No recuerdo con exactitud como se iniciara el asunto. A estas alturas me patinan las neuronas y coordino mal. Pienso si las cosas sucedieron así o las he inventado como cuando durante mis fiebres infantiles daba vida a los dibujos del estucado, mocárabes y rosetones, que adornaban el techo de mi dormitorio. Me había sorprendido la cita. No soy guapo, ni inteligente, ni simpático. Soy ese tipo que sólo encuentra fracasos y una copa inexpresiva donde reflexionar sobre los errores mil veces repetidos y mi incapacidad para enseñar a los rapaces las alas que les permitan volar.
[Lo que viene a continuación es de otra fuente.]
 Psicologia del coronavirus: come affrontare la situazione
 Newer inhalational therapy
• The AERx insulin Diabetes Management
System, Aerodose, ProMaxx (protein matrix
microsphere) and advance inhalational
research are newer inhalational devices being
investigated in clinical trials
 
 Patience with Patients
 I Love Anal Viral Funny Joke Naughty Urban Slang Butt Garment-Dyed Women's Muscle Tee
Interrelación personal desconocida entre escribidora y mandante. Vivencias y testimonios adivinados. Sombras fabuladoras sobre la mesa de la cafetería. Compases alternativos. Antagónicos. Antes y ahora. Sueño y realidad. La Coruña urbana que se nos fue de la mano mientras esperábamos a Godot. Allí habíamos fijado la entrevista dos almas solitarias. En la movida del Orzán. Cuando el Paseo Marítimo se dispara frenético los viernes y sábados noches. Al lado del mar ágata que saluda al faro romano perdido entre oscuridades y vientos. Recuerdo el nombre del bar, “Delfín dorado”. Coqueto. Melancólico. Decadente. La vi con vavivén de marea azul cobalto. Misteriosa, digna, elegante. Ocupaba un velador pegado al ventanal que discurría alameda de porches. Me cautivó antes que dijera una palabra. Me atrajeron los ojos grises, la faz ovalada, la nariz graciosa, el borbotón de labios rojos y su pelo de chico color caoba.
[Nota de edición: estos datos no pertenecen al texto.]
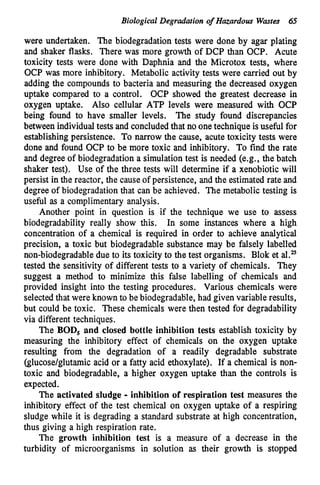 Biological Degradation o
f Hazardous Wastes 65
were undertaken. The biodegradation tests were done by agar plating
and shaker flasks. There was more growth of DCP than OCP. Acute
toxicity tests were done with Daphnia and the Microtox tests, where
OCP was more inhibitory. Metabolic activity tests were carried out by
adding the compounds to bacteria and measuring the decreased oxygen
uptake compared to a control. OCP showed the greatest decrease in
oxygen uptake. Also cellular ATP levels were measured with OCP
being found to have smaller levels. The study found discrepancies
between individualtests and concluded that no onetechnique isuseful for
establishingpersistence. To narrow the cause, acute toxicity tests were
done and found OCP to be more toxic and inhibitory. To find the rate
and degree of biodegradation a simulationtest is needed (e.g., the batch
shaker test). Use of the three tests will determine if a xenobiotic will
persist in the reactor, the causeof persistence, and the estimated rate and
degree of biodegradation that can be achieved. The metabolic testing is
useful as a complimentary analysis.
Another point in question is if the technique we use to assess
biodegradability really show this. In some instances where a high
concentration of a chemical is required in order to achieve analytical
precision, a toxic but biodegradable substance may be falsely labelled
non-biodegradabledue to its toxicity to the test organisms. Blok et al.?z
tested the sensitivity of different tests to a variety of chemicals. They
suggest a method to minimize this false labelling of chemicals and
provided insight into the testing procedures. Various chemicals were
selected that were known to be biodegradable,had given variable results,
but could be toxic. These chemicals were then tested for degradability
via different techniques.
The BOD, and closed bottle inhibition tests establish toxicity by
measuring the inhibitory effect of chemicals on the oxygen uptake
resulting from the degradation of a readily degradable substrate
(glucose/glutamicacid or a fatty acid ethoxylate). If a chemical is non-
toxic and biodegradable, a higher oxygen uptake than the controls is
expected.
The activated sludge - inhibition of respiration test measures the
inhibitory effect of the test chemical on oxygen uptake of a respiring
sludge while it is degrading a standard substrate at high concentration,
thus giving a high respiration rate.
The growth inhibition test is a measure of a decrease in the
turbidity of microorganisms in solution as their growth is stopped
 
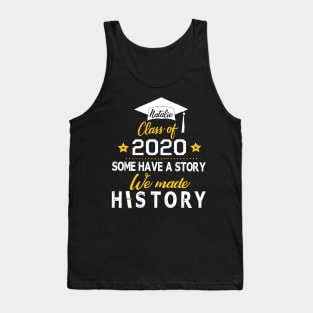 Natalie Class Of 2020 Some Have A Story We Made History Social Distancing Fighting Coronavirus 2020 Tank Top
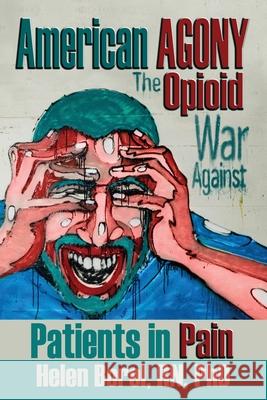 American Agony: The Opioid War Against Patients in Pain Helen Borel 9781947867680 Fresh Ink Group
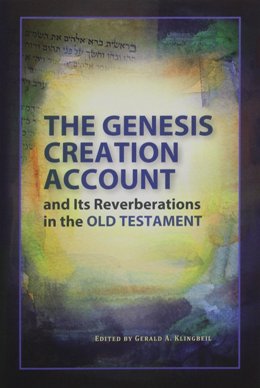 Genesis Creation Account and Its Reverberations in the Old Testament: ON SALE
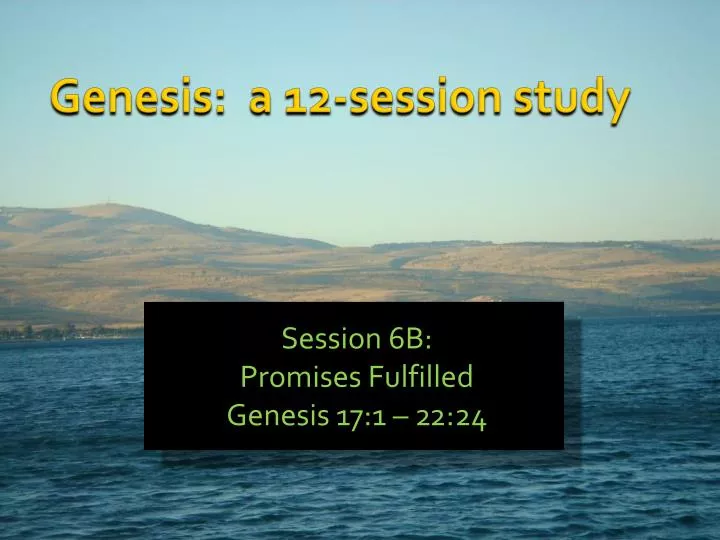 session 6b promises fulfilled genesis 17 1 22 24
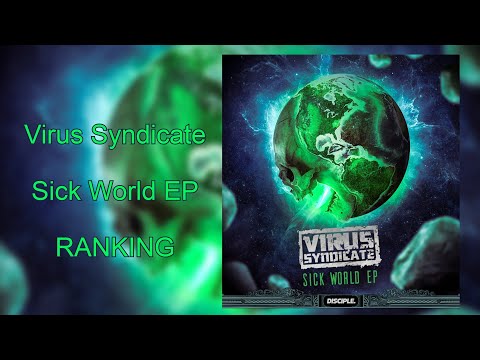 Ranking Virus Syndicate's Sick World EP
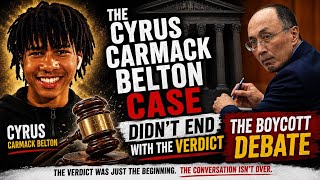 CYRUS CARMACK BELTON CASE &  THE VIRAL TIKTOKER DARING THE BLACK COMMUNITY TO BOYCOTT!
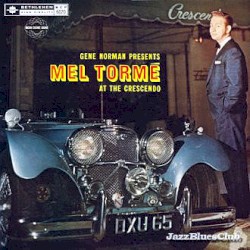 Gene Norman Presents Mel Torme at the Crescendo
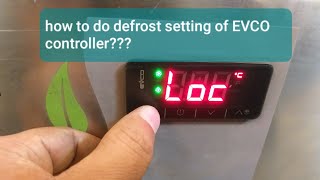 how to do EVCO controller defrost setting??#viral #youtubeshorts #youtube #youtuber #subscribe #like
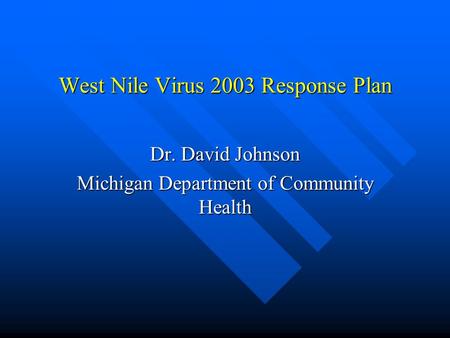 West Nile Virus 2003 Response Plan Dr. David Johnson Michigan Department of Community Health.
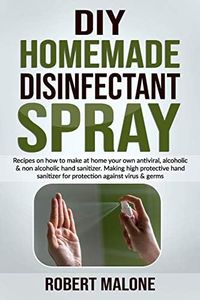 DIY HOMEMADE DISINFECTANT SPRAY: Recipes on how to make at home your own antiviral, alcoholic & non alcoholic hand sanitizer.Making high protective hand sanitizer for protection against virus & germs.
“-Usted es Hermes, el de los cien ojos –me interpeló áspera pero cordial–. Lo siento. Una vez más no es usted el tipo que aguardaba, supongo que a usted también le habrá pasado muchas veces”. Cínicamente. Sin compasión escrutaba mi rostro cual si fuera cobaya de laboratorio. Intenté serenarme. Ganar tiempo. Escuchas en silencio…
Ella abonó la cuenta al camarero y salió con revuelo frustrado.